§ EXERCISE BRIEF
Could you reproduce every record below exactly, excluding all pictures?

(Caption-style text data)
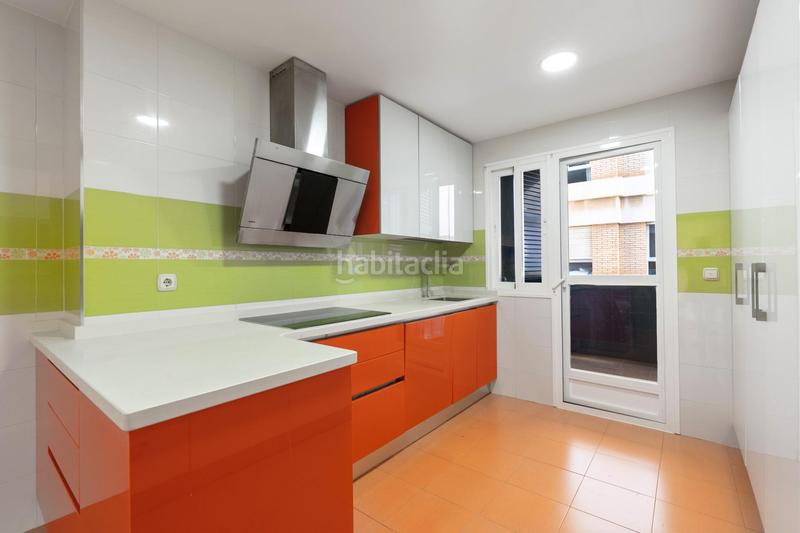 Foto cc874416-8b0e-4f51-aa15-96a32599e436. Appartamento in calle párroco martín sierra 1 in Motril ciudad Motril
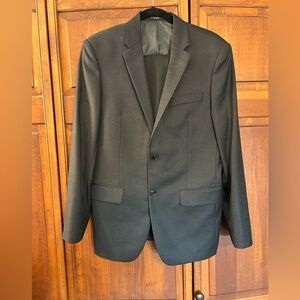 Men’s John Varvatos USA black wool suit size 38R, pants 32x31
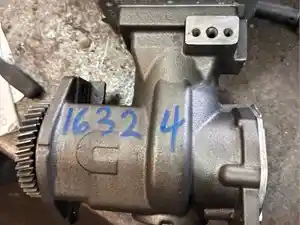 New Universal Cummins ISL Air Compressor (Stock #16324)) Part Image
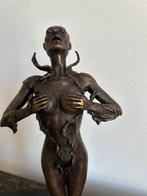 Bronzen beeld: Dame in catsuit. Gesigneerd A.J. Dalou, Antiek en Kunst, Antiek | Koper en Brons, Ophalen of Verzenden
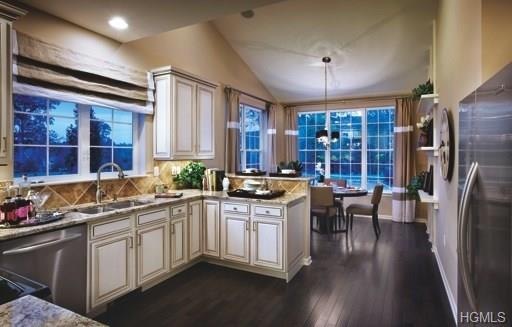 8 Goldman Ct unit 9, Cortlandt, NY 10567 - photo 1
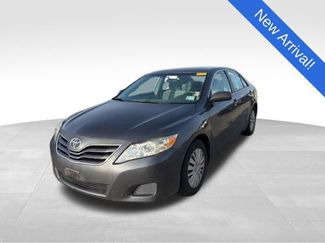 Used 2010 Toyota Camry FWD video 3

§ SOLUTION TO THIS EXERCISE
 Foto cc874416-8b0e-4f51-aa15-96a32599e436. Appartamento in calle párroco martín sierra 1 in Motril ciudad Motril
 Men’s John Varvatos USA black wool suit size 38R, pants 32x31
 New Universal Cummins ISL Air Compressor (Stock #16324)) Part Image
 Bronzen beeld: Dame in catsuit. Gesigneerd A.J. Dalou, Antiek en Kunst, Antiek | Koper en Brons, Ophalen of Verzenden
 8 Goldman Ct unit 9, Cortlandt, NY 10567 - photo 1
 Used 2010 Toyota Camry FWD video 3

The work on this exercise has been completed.